A second implication of the MAD model is that it is much more stable if both sides have more nuclear weapons. Suppose that I need 100 nuclear weapons to destroy my enemy, and he is thinking of using his nuclear weapons to wipe out mine (since perhaps mine are not hidden), allowing him to launch a first strike. Schelling writes:
For illustration suppose his accuracies and abilities are such that one of his missiles has a 50-50 chance of knocking out one of ours. Then, if we have 200, he needs to knock out just over half; at 50 percent reliability he needs to fire just over 200 to cut our residual supply to less than 100. If we had 400, he would need to knock out three-quarters of ours; at a 50 percent discount rate for misses and failures he would need to fire more than twice 400, that is, more than 800. If we had 800, he would have to knock out seven-eighths of ours, and to do it with 50 percent reliability he would need over three times that number, or more than 2400. And so on. The larger the initial number on the “defending” side, the larger the multiple required by the attacker in order to reduce the victim’s residual supply to below some “safe” number.
Consequently, if both sides have many times more nuclear weapons than are needed to destroy the entire world, the situation is much more stable than if they had barely enough to destroy the enemy: each is comforted in their second strike capabilities, and doesn’t need to respond as aggressively to arms buildups by the other party.
It is important to note that this conclusion is only valid in a ‘classic’ simplified MAD dynamic. If for each nuclear weapon that you own, there is some possibility that a rogue actor will steal the weapon and use it for their own ends, the value of large arms buildups becomes much less clear.

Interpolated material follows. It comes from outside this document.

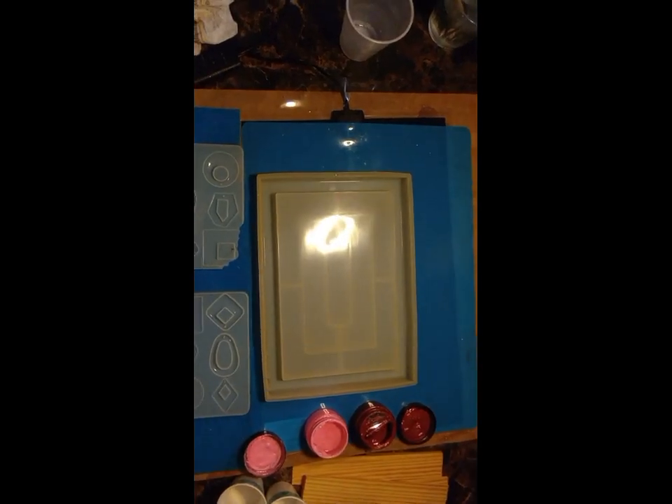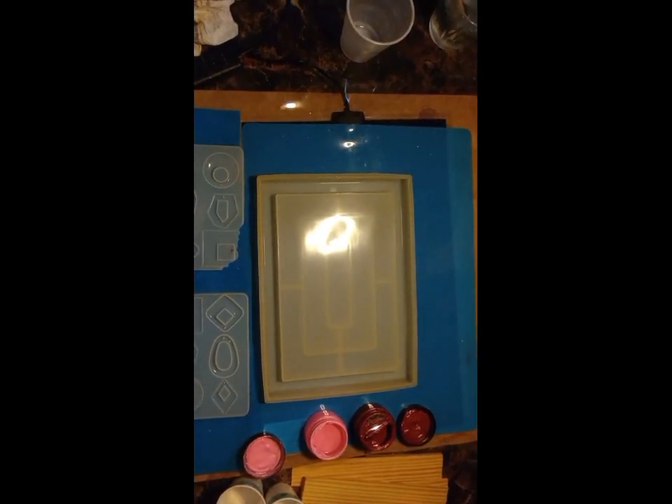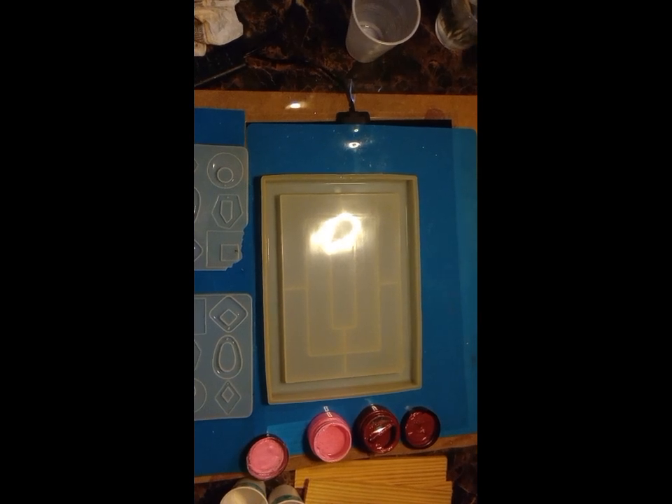Hello everybody, this is Missy Evans with Missy Evans Crafty Creations. I'm here to make a beading tray.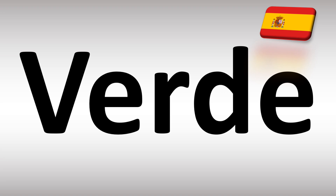Verde. So V sounds like a B in Spanish, and the R has to be rolled. Verde, verde is how you say it — it's how you say green in Spanish. You could say it as verde.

The final conclusion I’d like to draw from this model is that it would be preferable to not have weapons that could destroy other weapons. For instance, suppose that both parties were countries that had biological weapons that when released infected a large proportion of the other country, caused them obvious symptoms, and then killed them a week later, leaving a few days between the onset of symptoms and losing the ability to effectively do things. In such a situation, you would know that if I struck first, you would have ample ability to get still-functioning people to your weapons centres and launch a second strike, regardless of your ability to detect the biological weapon before it arrives, or the number of weapons and weapons centres that you or I have. Therefore, you are not tempted to launch first. Since this reasoning holds regardless of what type of weapon you have, it is always better for me to have this type of biological weapon in a MAD dynamic, rather than any nuclear weapons that can potentially destroy weapons centres, so as to preserve your second strike capabilities. I speculatively think that this argument should hold for real life biological weapons, since it seems to me that they could be destructive enough to act as a deterrent, but that authorities could detect their spread early enough to send remaining healthy government officials to launch a second strike.